(Scraped caption text data)

§ §

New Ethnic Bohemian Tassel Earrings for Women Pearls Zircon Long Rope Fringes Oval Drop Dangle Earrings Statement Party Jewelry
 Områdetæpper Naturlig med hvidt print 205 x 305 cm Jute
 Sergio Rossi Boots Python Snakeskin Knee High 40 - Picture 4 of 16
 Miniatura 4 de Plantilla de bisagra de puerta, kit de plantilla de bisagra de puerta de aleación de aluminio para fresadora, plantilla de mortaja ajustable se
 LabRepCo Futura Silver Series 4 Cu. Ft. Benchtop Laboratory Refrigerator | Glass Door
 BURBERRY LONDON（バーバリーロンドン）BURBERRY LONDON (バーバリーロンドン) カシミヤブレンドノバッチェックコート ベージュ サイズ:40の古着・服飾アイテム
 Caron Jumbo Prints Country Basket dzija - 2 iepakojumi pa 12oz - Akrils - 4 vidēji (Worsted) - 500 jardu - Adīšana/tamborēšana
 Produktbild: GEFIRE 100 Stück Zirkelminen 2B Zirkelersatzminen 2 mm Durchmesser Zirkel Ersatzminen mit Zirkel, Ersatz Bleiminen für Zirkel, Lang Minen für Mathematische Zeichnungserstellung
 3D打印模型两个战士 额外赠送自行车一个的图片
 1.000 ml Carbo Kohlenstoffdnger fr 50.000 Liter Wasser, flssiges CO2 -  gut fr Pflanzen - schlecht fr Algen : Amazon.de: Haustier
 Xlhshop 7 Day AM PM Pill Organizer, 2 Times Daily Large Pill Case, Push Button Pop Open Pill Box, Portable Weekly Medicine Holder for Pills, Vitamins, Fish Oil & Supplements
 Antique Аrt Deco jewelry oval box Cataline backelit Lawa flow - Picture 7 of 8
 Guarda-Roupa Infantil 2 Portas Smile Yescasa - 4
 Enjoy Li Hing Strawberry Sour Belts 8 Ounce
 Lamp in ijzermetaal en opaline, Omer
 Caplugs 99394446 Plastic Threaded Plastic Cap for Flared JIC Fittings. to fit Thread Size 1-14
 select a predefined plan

§ §

Task goal - Above are the entries. Quote exactly the lines from the one bearing "Sergio Rossi Boots" through the one bearing "BURBERRY LONDON（バーバリーロンドン）BURBERRY LONDON".

Solution -
 Sergio Rossi Boots Python Snakeskin Knee High 40 - Picture 4 of 16
 Miniatura 4 de Plantilla de bisagra de puerta, kit de plantilla de bisagra de puerta de aleación de aluminio para fresadora, plantilla de mortaja ajustable se
 LabRepCo Futura Silver Series 4 Cu. Ft. Benchtop Laboratory Refrigerator | Glass Door
 BURBERRY LONDON（バーバリーロンドン）BURBERRY LONDON (バーバリーロンドン) カシミヤブレンドノバッチェックコート ベージュ サイズ:40の古着・服飾アイテム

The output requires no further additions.